Segment Start: EXERCISE MATERIALS

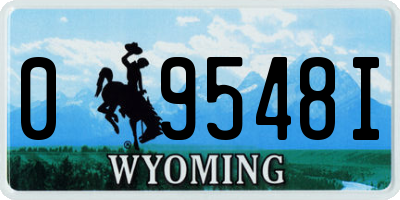 WY license plate 09548I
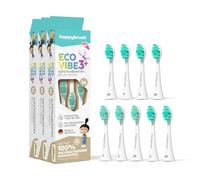 happybrush Lot de 9 têtes de rechange (3 x 3) pour brosse à dents électrique sonique ECO VIBE 3 Agnes | Brosses de rechange d'origine avec poils arrondis (Agnes)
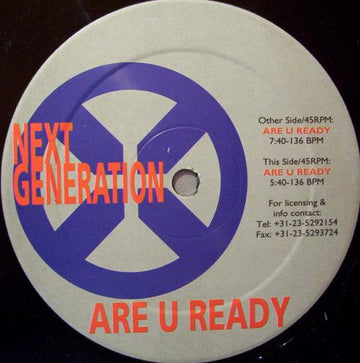 Next Generation (6) : Are U Ready (12")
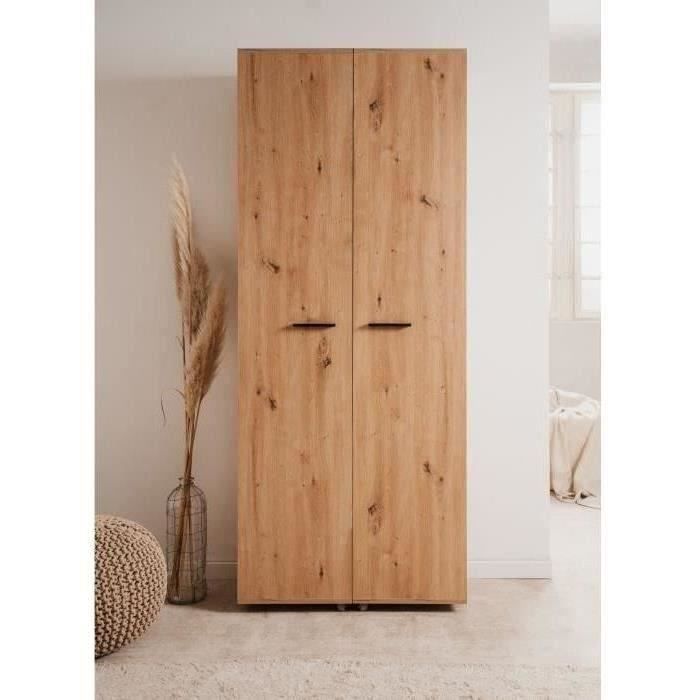 Image secondaire de Meuble à chaussures LUGO en chêne artisan - Capacité 32 paires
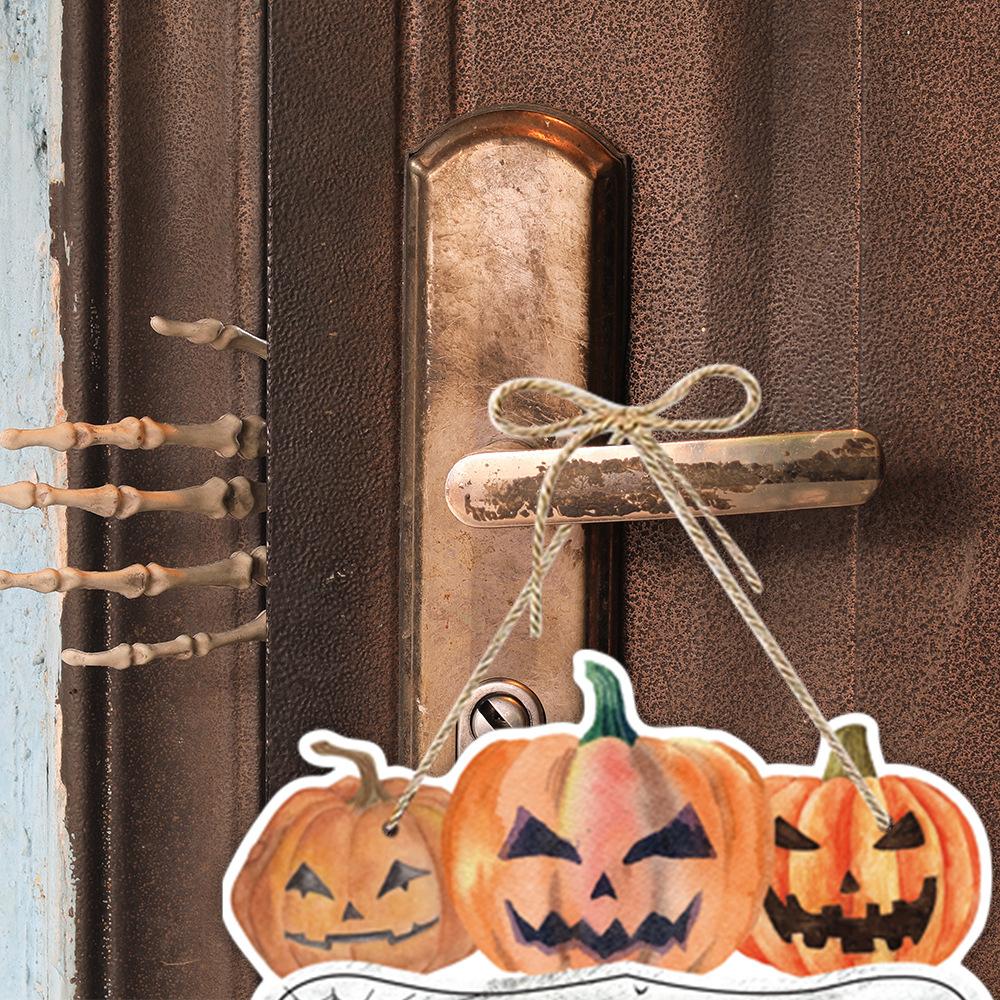 New Style, Halloween Theme, Paper, Door Hanging, Party Scene Decoration, Decorations, Hanging Boards, Pumpkin Hanging Accessories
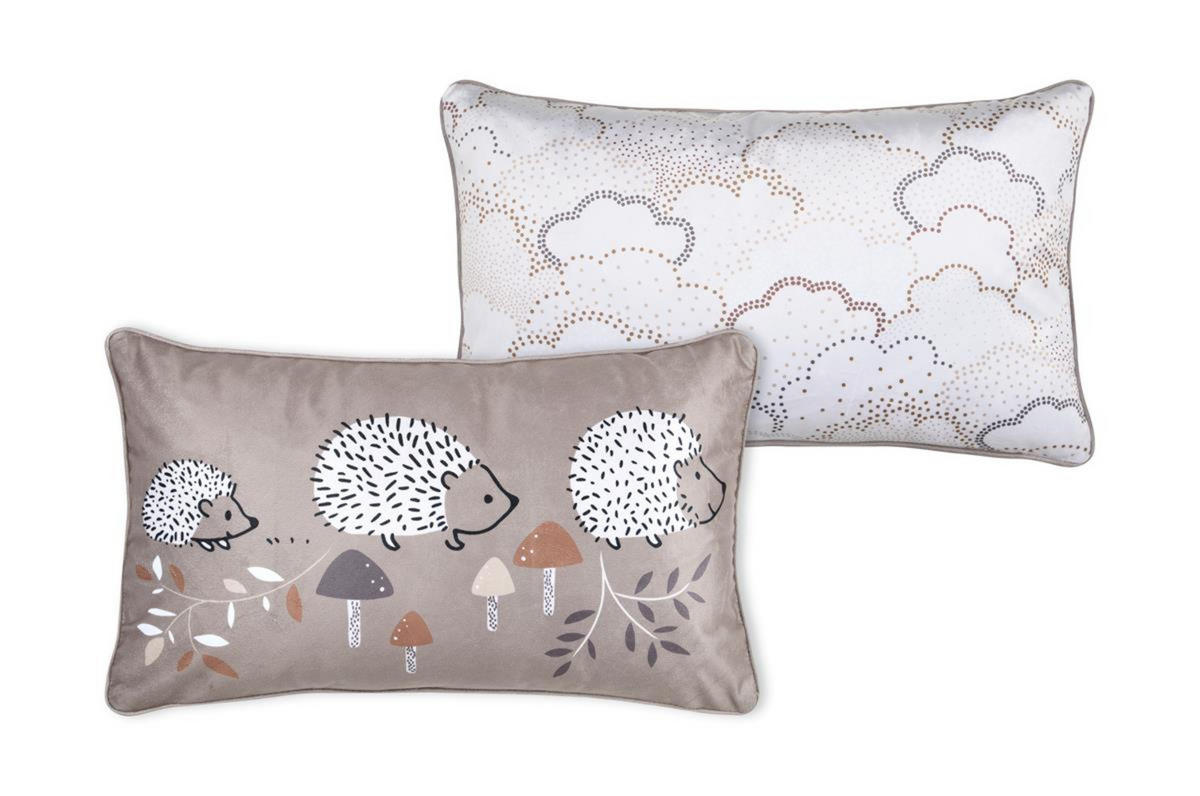 KINDERKISSEN Igel Gabin 50/30 cm - Beige, Textil (30/50cm)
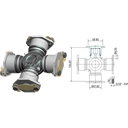 CRUCETA CARDAN P-900 ADAPTACION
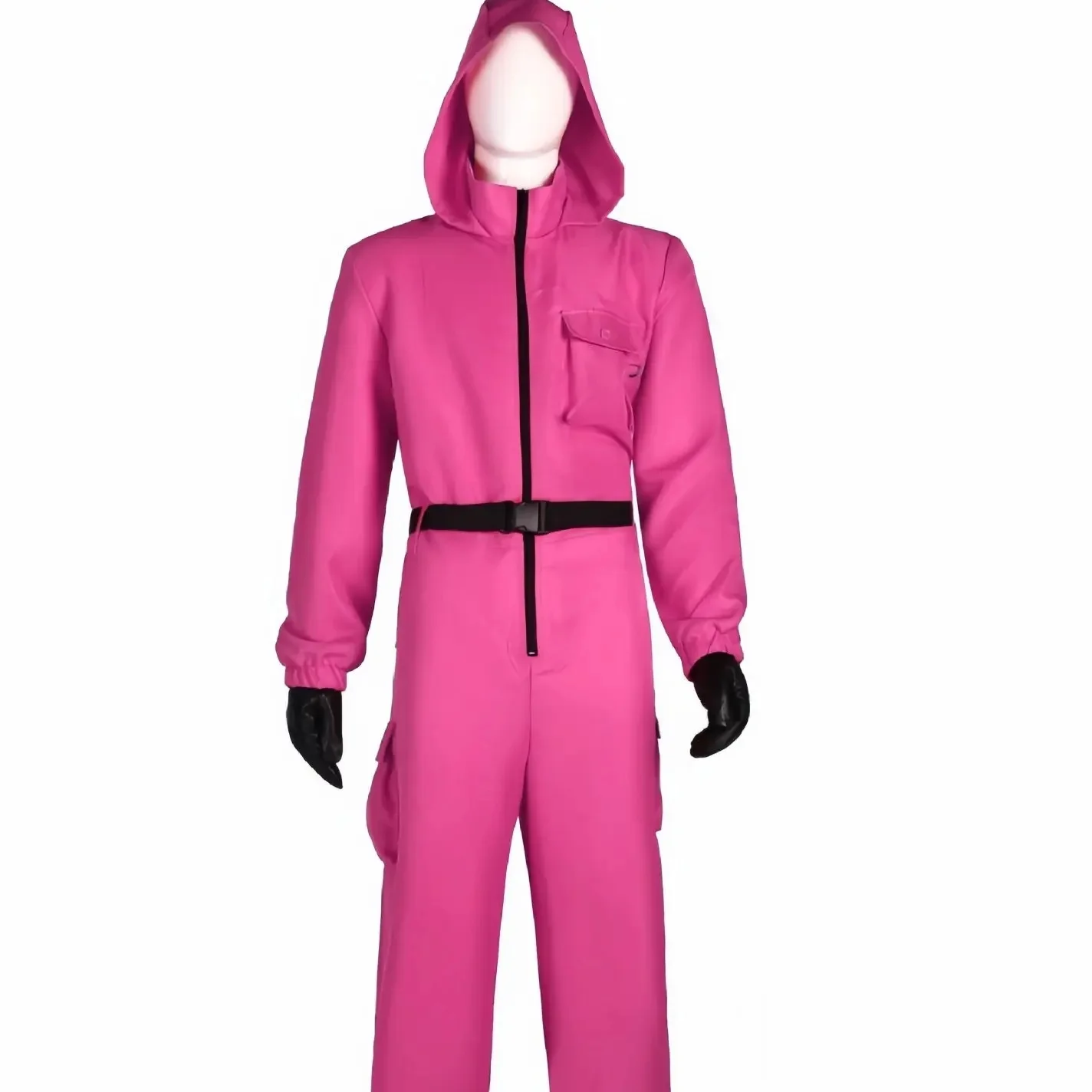 블랙 할로윈 의상 성인 어린이 부모 작업복 점프 슈트 한국 스타일 코스프레 공연 의류 현대 댄스 슈트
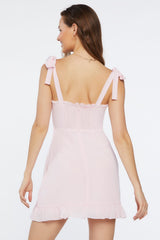 Tie-Strap Sweetheart Dress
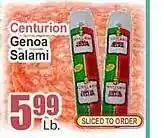 Key Food Centurion genoa salami offer
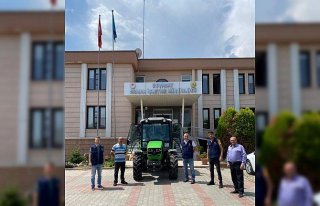 Boyabat'ta ORKÖY ile traktör sahibi oldular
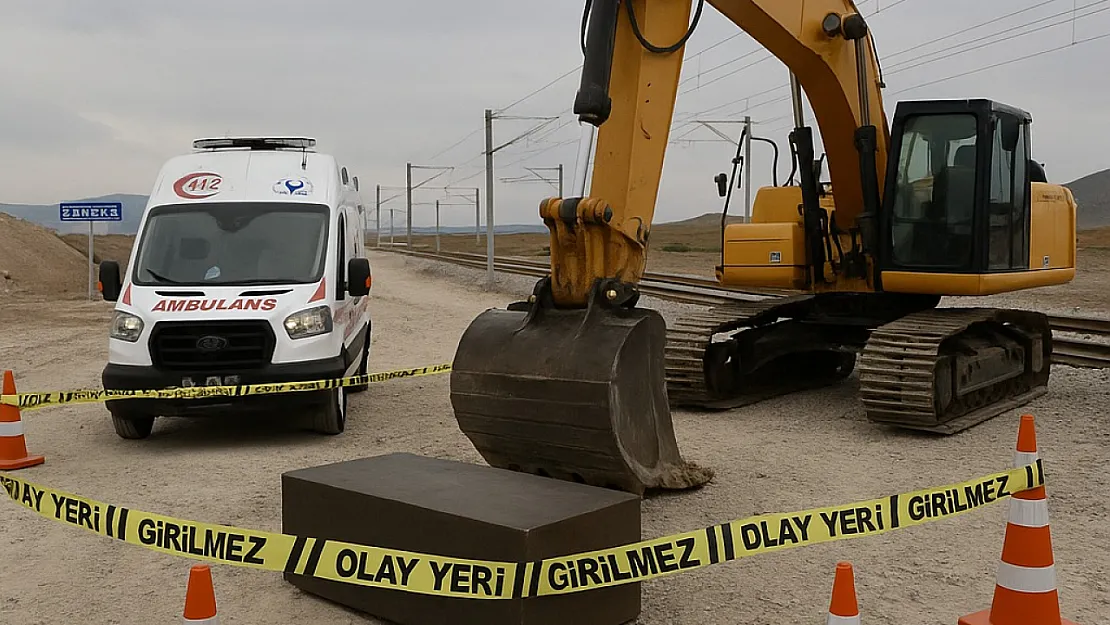 Afyon'da Hızlı Tren Şantiyesinde Ölüm! Genç İşçi Hayatını Kaybetti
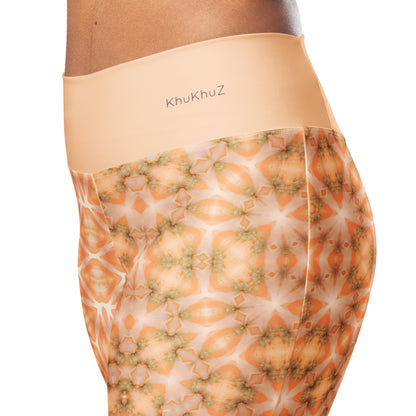 Flare Leggings Peach Fuzz Floral #1.7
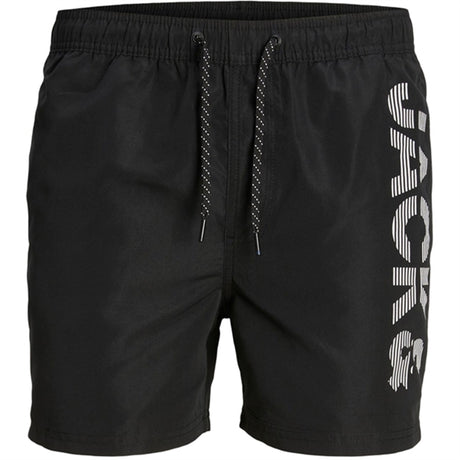 Jack & Jones Junior Black Fiji Swim Trunks Spice Logo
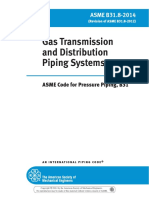 Gas Transmission and Distribution Piping Systems: ASME B31.8-2014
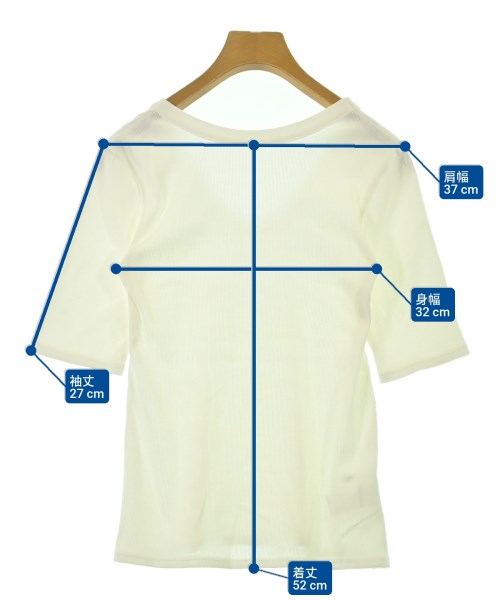 Whim Gazette（ウィムガゼット）Tシャツ・カットソー 白 サイズ:F レディース/2200683521023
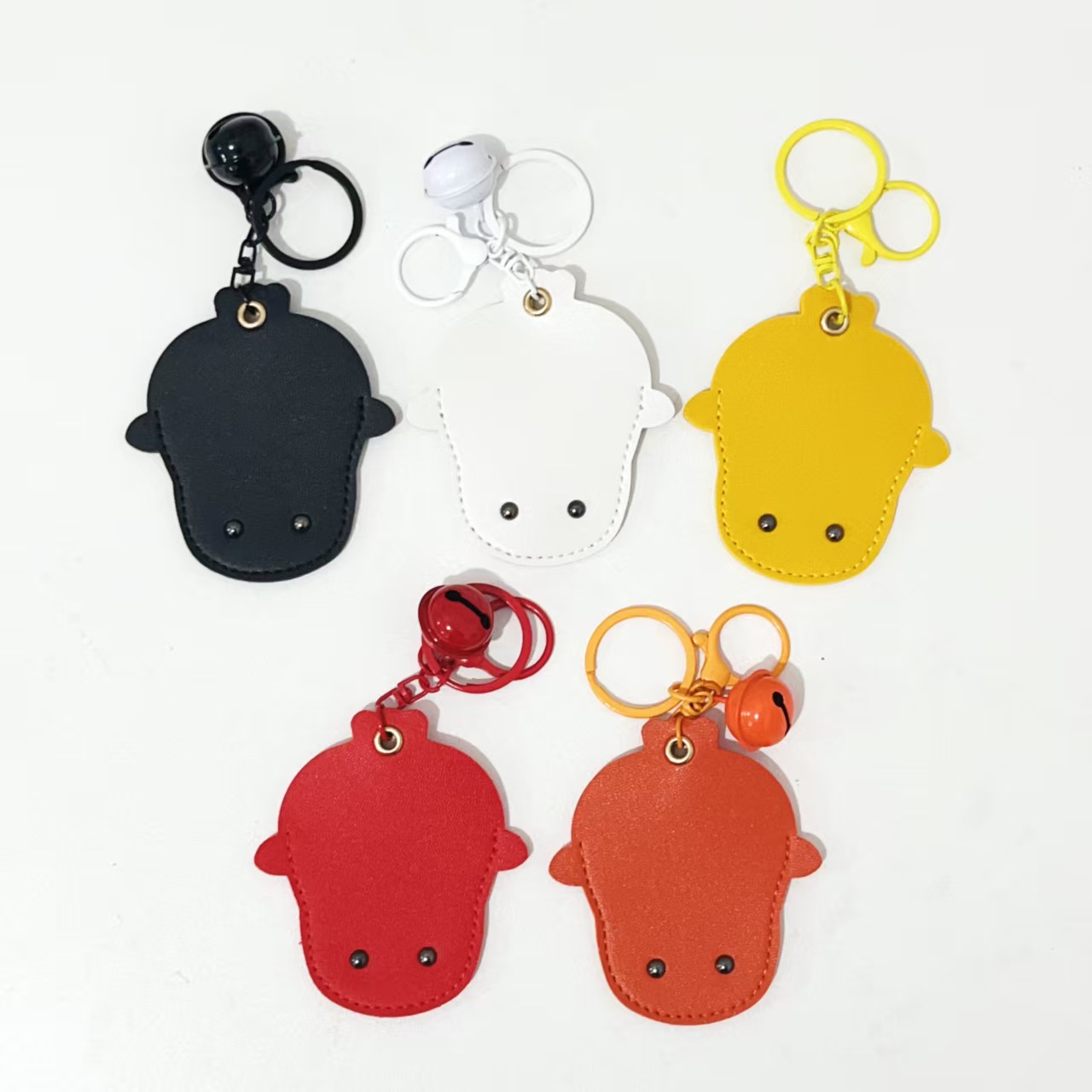 Mini Hippo Head Keychain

Segment End: EXERCISE MATERIALS

TASK ITEM -
When you copy the entries, keep every word exactly as it stands and drop any pictures.

TASK RESPONSE -
 WY license plate 09548I
 happybrush Lot de 9 têtes de rechange (3 x 3) pour brosse à dents électrique sonique ECO VIBE 3 Agnes | Brosses de rechange d'origine avec poils arrondis (Agnes)
 Next Generation (6) : Are U Ready (12")
 Image secondaire de Meuble à chaussures LUGO en chêne artisan - Capacité 32 paires
 New Style, Halloween Theme, Paper, Door Hanging, Party Scene Decoration, Decorations, Hanging Boards, Pumpkin Hanging Accessories
 KINDERKISSEN Igel Gabin 50/30 cm - Beige, Textil (30/50cm)
 CRUCETA CARDAN P-900 ADAPTACION
 블랙 할로윈 의상 성인 어린이 부모 작업복 점프 슈트 한국 스타일 코스프레 공연 의류 현대 댄스 슈트
 Tie-Strap Sweetheart Dress
 Key Food Centurion genoa salami offer
 Boyabat'ta ORKÖY ile traktör sahibi oldular
 Afyon'da Hızlı Tren Şantiyesinde Ölüm! Genç İşçi Hayatını Kaybetti
 Flare Leggings Peach Fuzz Floral #1.7
 Jack & Jones Junior Black Fiji Swim Trunks Spice Logo
 Gas Transmission and Distribution Piping Systems: ASME B31.8-2014
 Whim Gazette（ウィムガゼット）Tシャツ・カットソー 白 サイズ:F レディース/2200683521023
 Mini Hippo Head Keychain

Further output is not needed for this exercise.